**What is expected**. If a record contains a picture, drop the picture and copy everything else exactly.
***
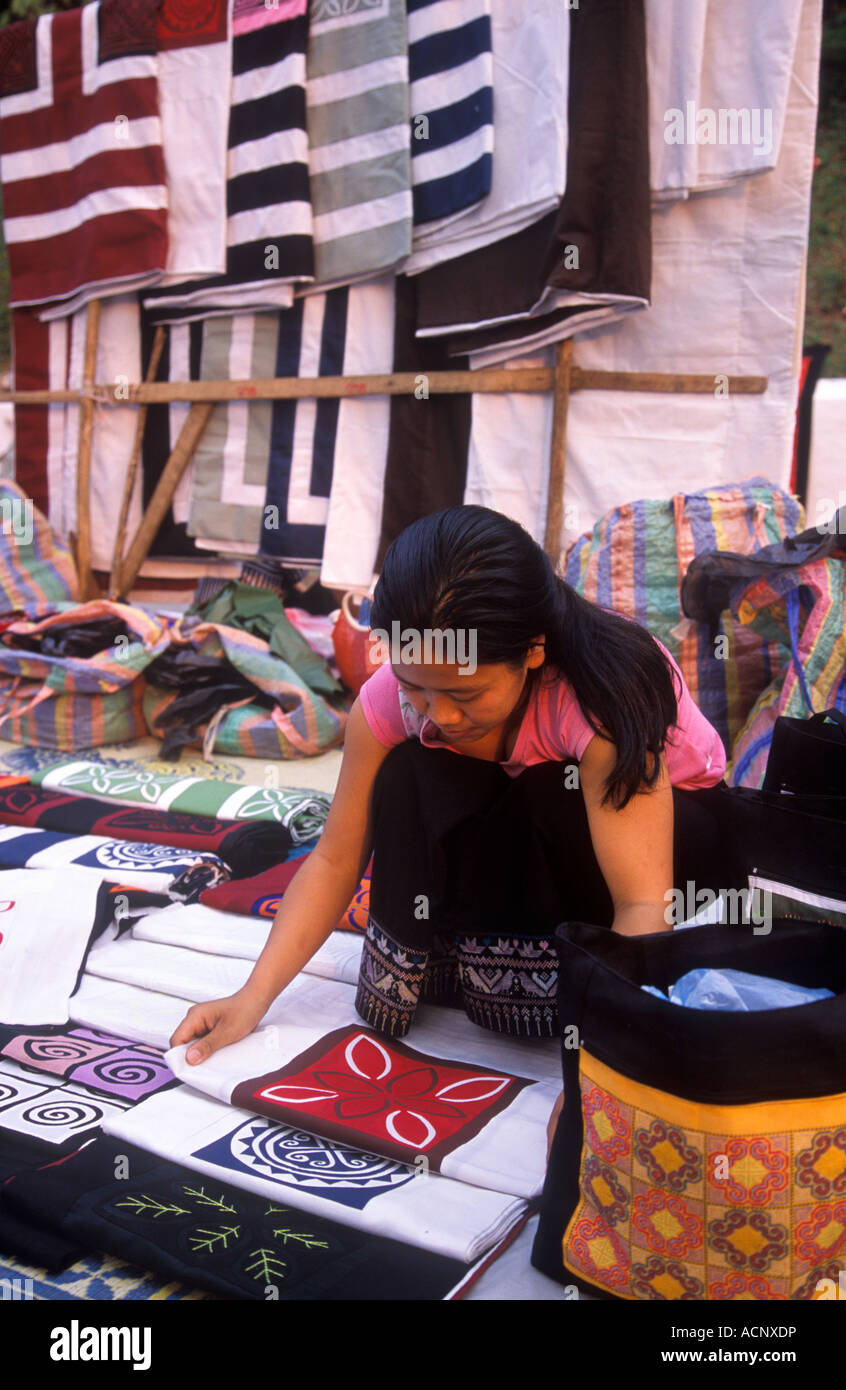 Cale de textiles au marché de nuit à Luang Prabang, Laos. Banque D'Images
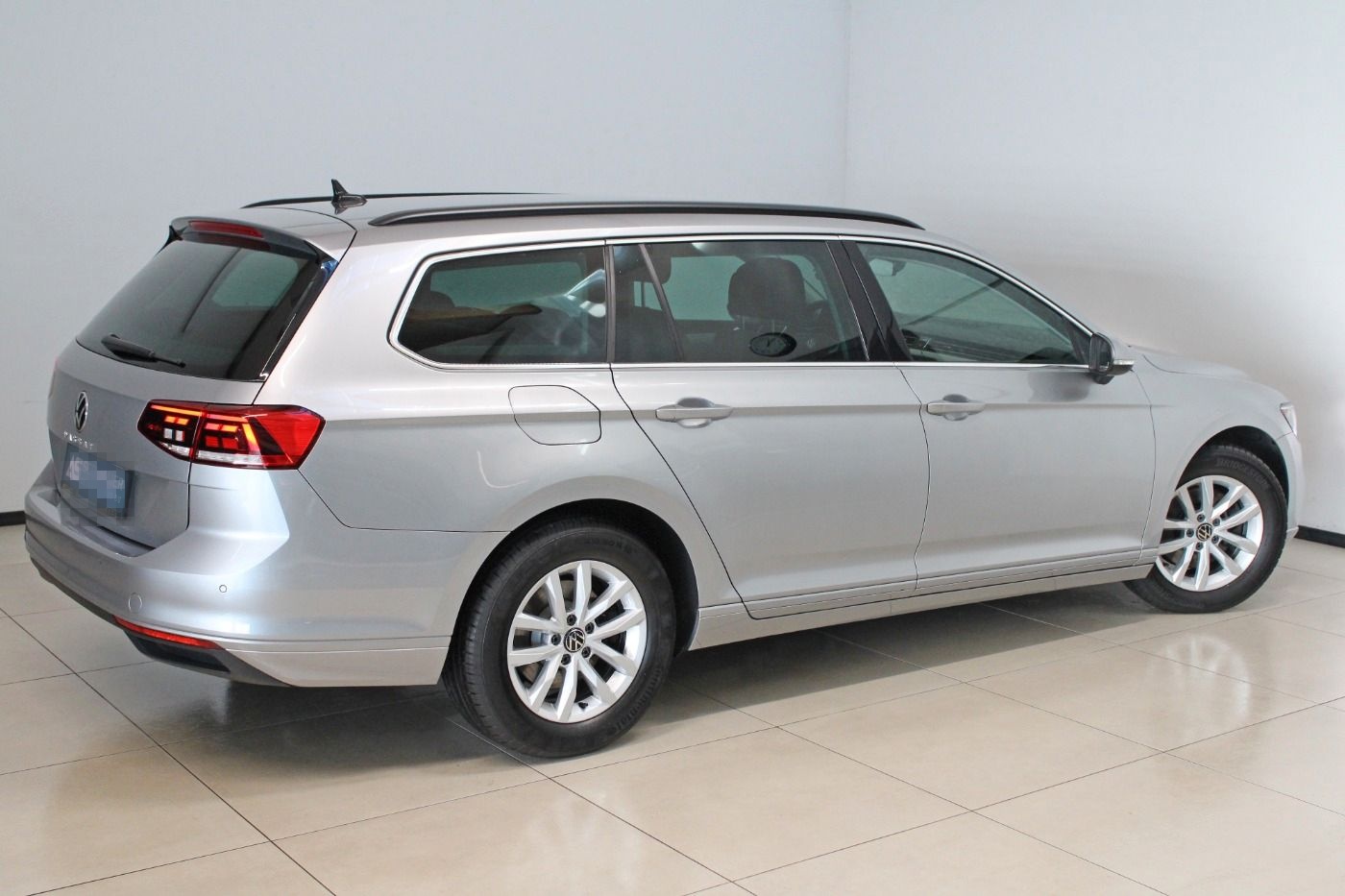 Volkswagen Passat Variant 2.0 TDI Business AHK|ACC|WSSHz|Ca foto 6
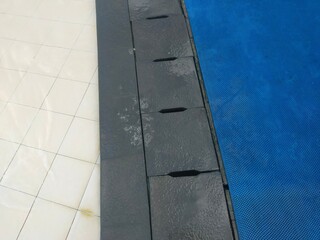 Fototapeta premium the edge of the swimming pool in blue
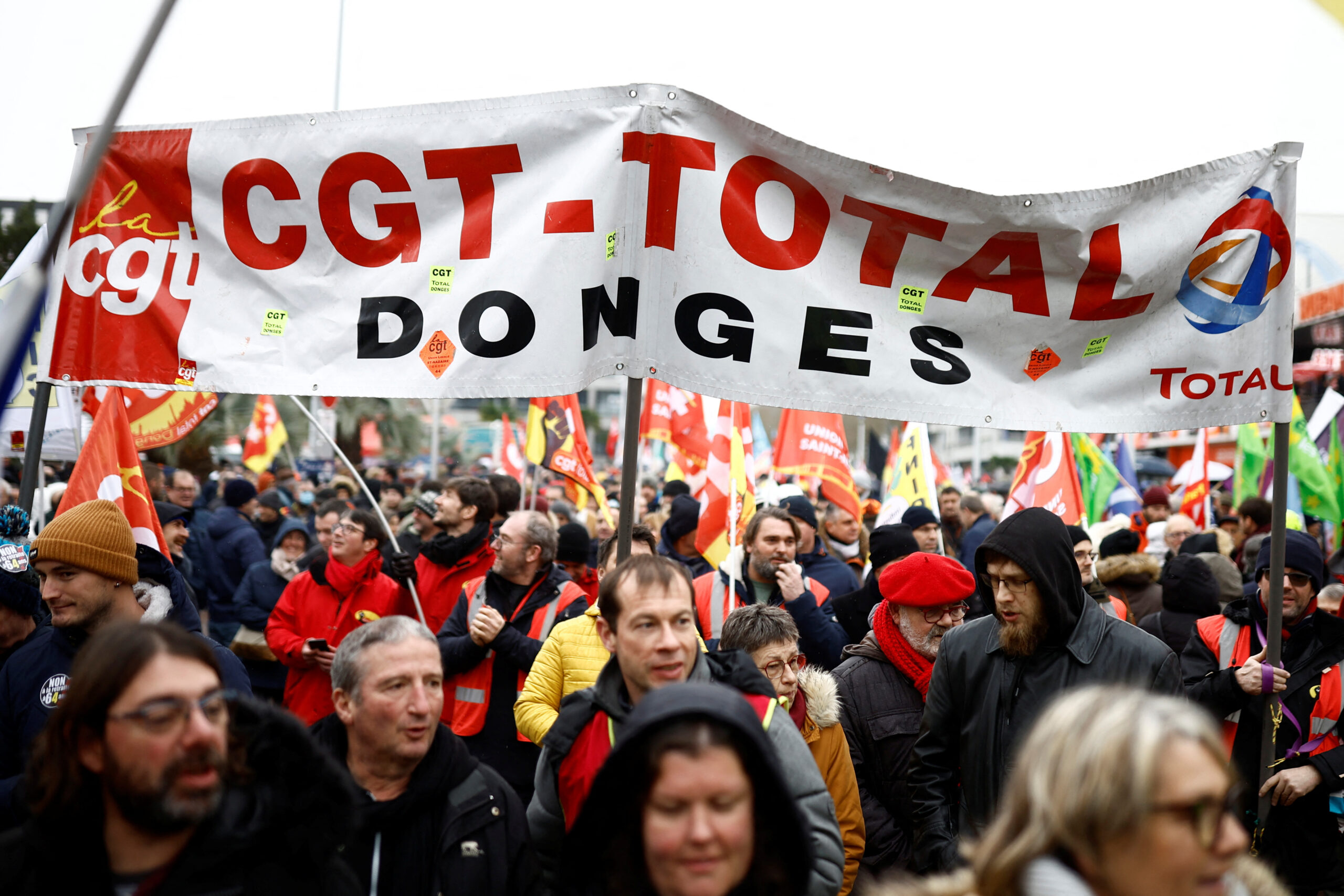 1674127211-2023-01-19T103452Z_638470402_RC2MTY95XVBC_RTRMADP_3_FRANCE-REFORM-PENSIONS-scaled.jpg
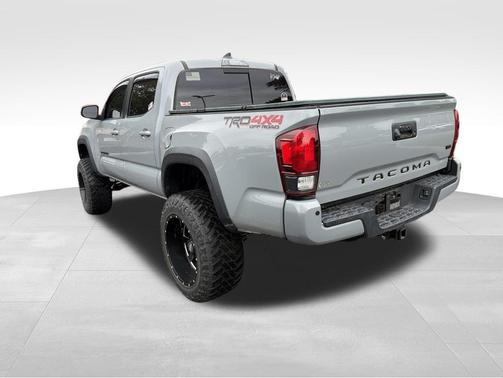Cement 2018 Toyota Tacoma TRD Off Road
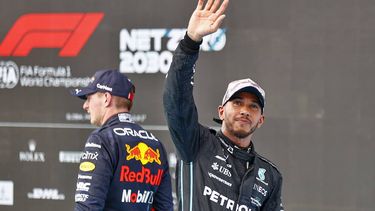 Hamilton no se va.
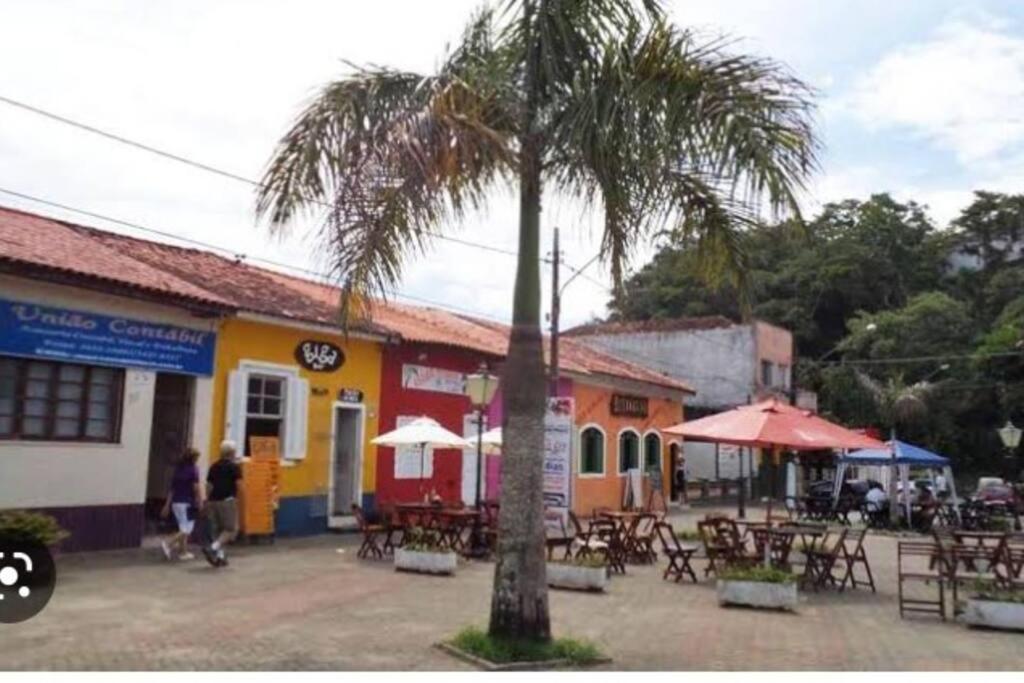 Casa de cond com piscina e churrasqueira particular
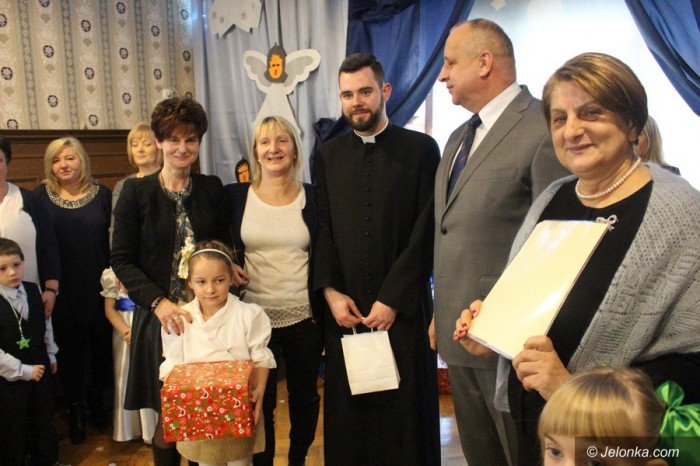 integracja-przedszkolakow-przy-koledach-i-pastorakach-foto-67028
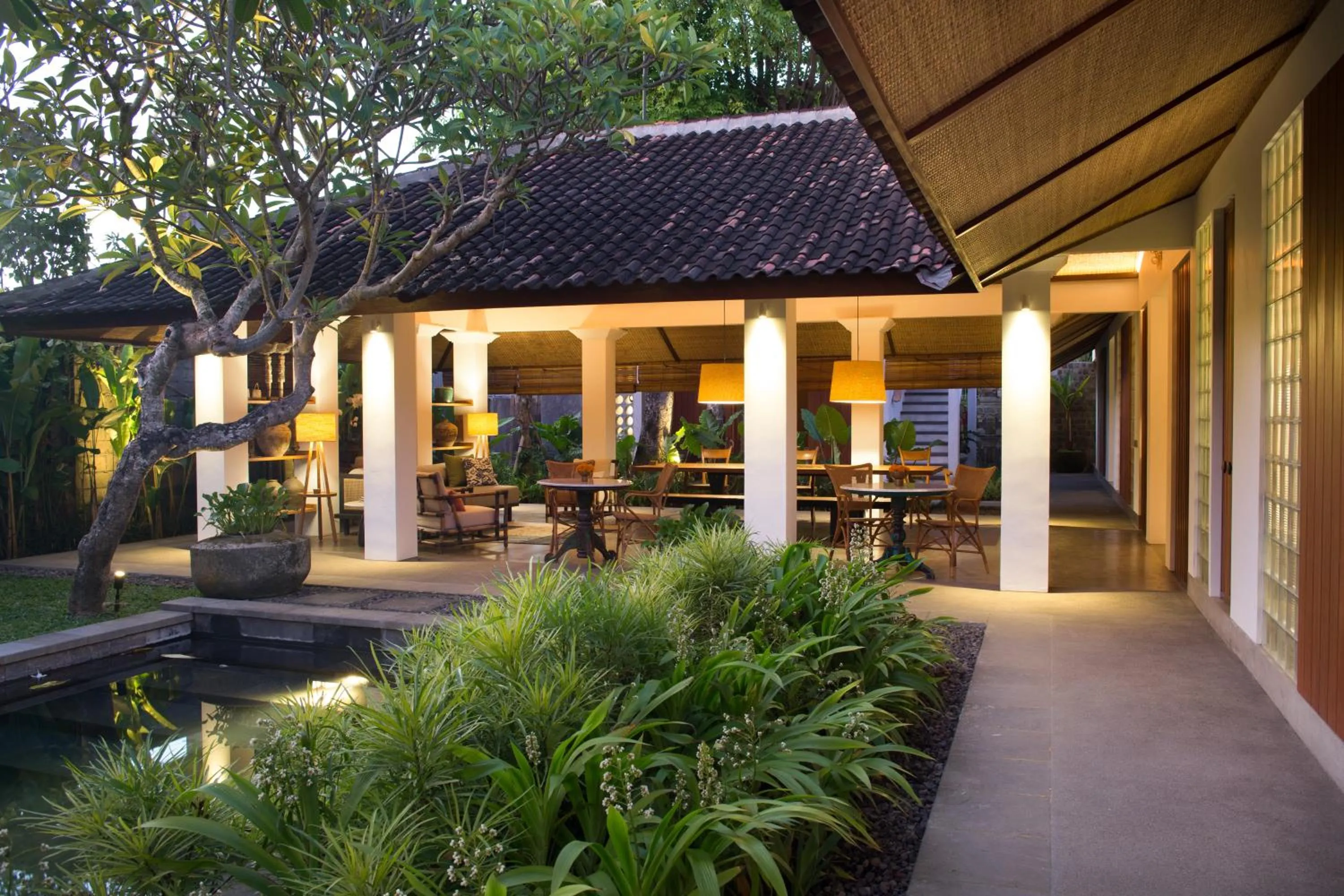 Property building in Atelier TE Designer Guesthouse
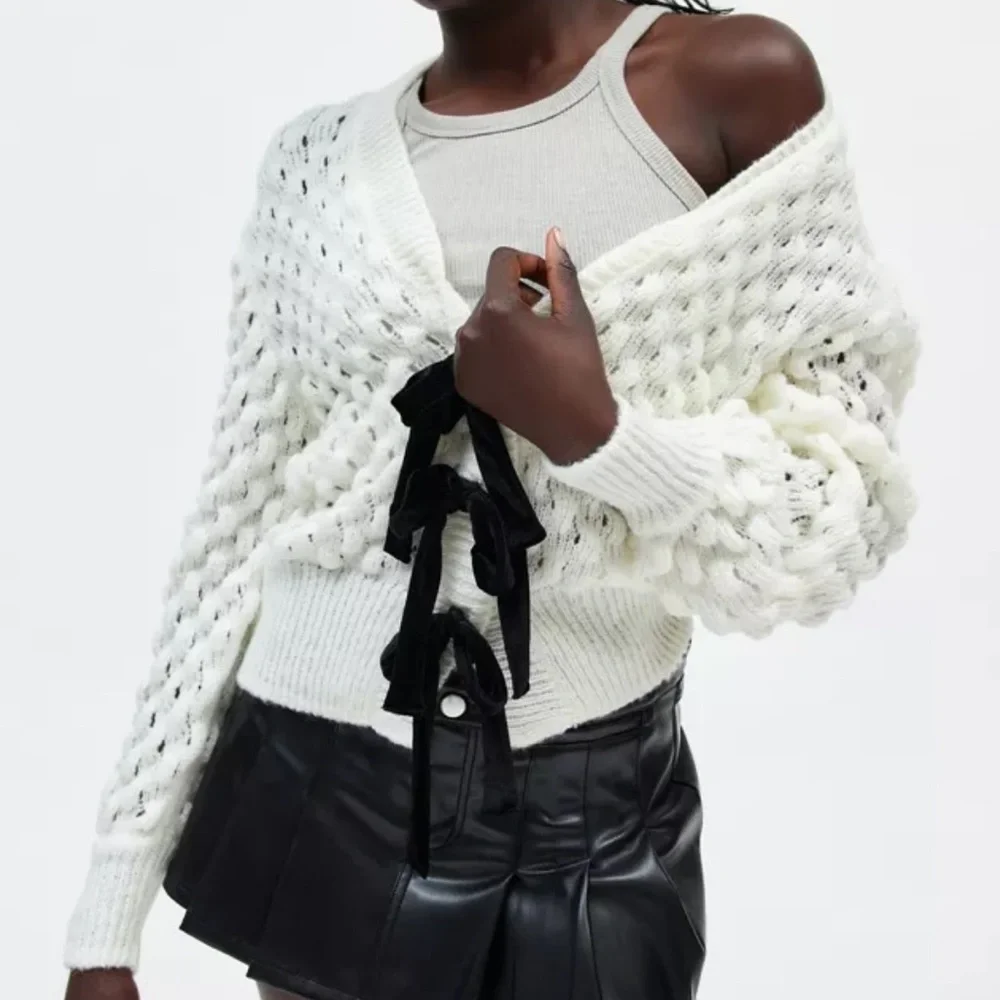 Cora Bow Cardigan Kimchi Blue by Urban Outfitters - Picture 2 of 14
***
**Answer to the problem**.
 Cale de textiles au marché de nuit à Luang Prabang, Laos. Banque D'Images
 Volkswagen Passat Variant 2.0 TDI Business AHK|ACC|WSSHz|Ca foto 6
 Fototapeta premium the edge of the swimming pool in blue
 1674127211-2023-01-19T103452Z_638470402_RC2MTY95XVBC_RTRMADP_3_FRANCE-REFORM-PENSIONS-scaled.jpg
Cement 2018 Toyota Tacoma TRD Off Road
 Hamilton no se va.
 Casa de cond com piscina e churrasqueira particular
 integracja-przedszkolakow-przy-koledach-i-pastorakach-foto-67028
 Property building in Atelier TE Designer Guesthouse
 Cora Bow Cardigan Kimchi Blue by Urban Outfitters - Picture 2 of 14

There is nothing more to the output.